*** Opening of ENTRIES SUPPLIED ***
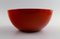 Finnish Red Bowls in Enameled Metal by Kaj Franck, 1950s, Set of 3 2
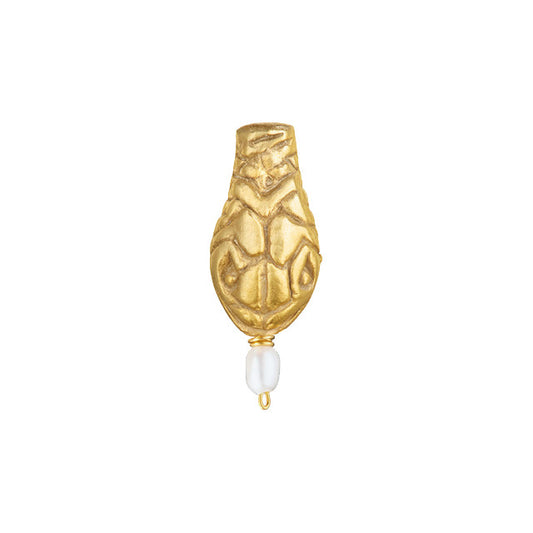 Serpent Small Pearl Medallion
*** Close of ENTRIES SUPPLIED ***
*** Opening of ENTRIES SUPPLIED ***
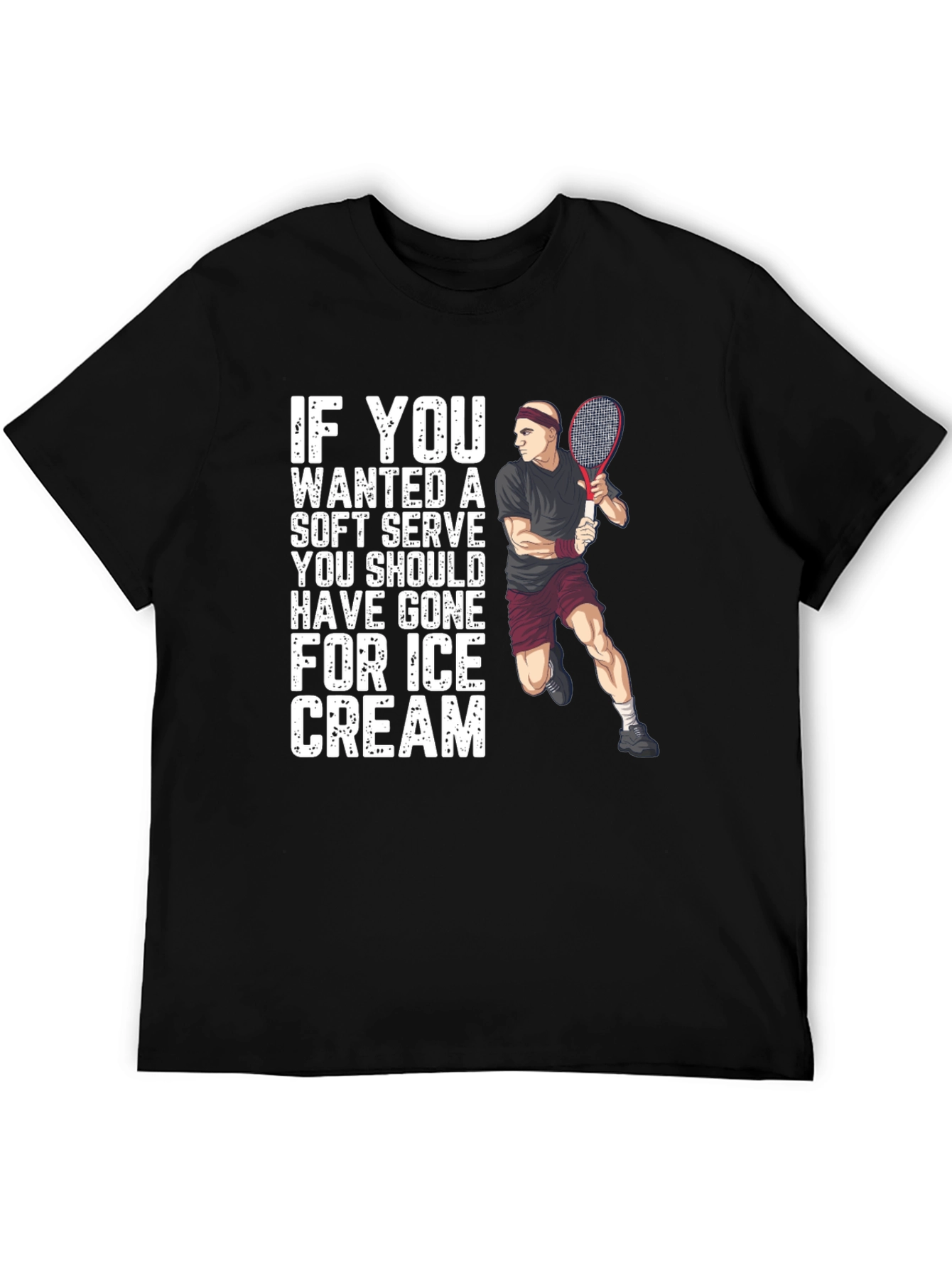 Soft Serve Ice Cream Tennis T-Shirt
*** Close of ENTRIES SUPPLIED ***
WORK REQUEST: Among the entries above, locate the line with "Finnish Red Bowls" and the line with "Serpent Small Pearl Medallion". Give those two lines and all lines between them again, exactly, leaving out the pictures.

RESULT OF THE TASK:
 Finnish Red Bowls in Enameled Metal by Kaj Franck, 1950s, Set of 3 2
 Serpent Small Pearl Medallion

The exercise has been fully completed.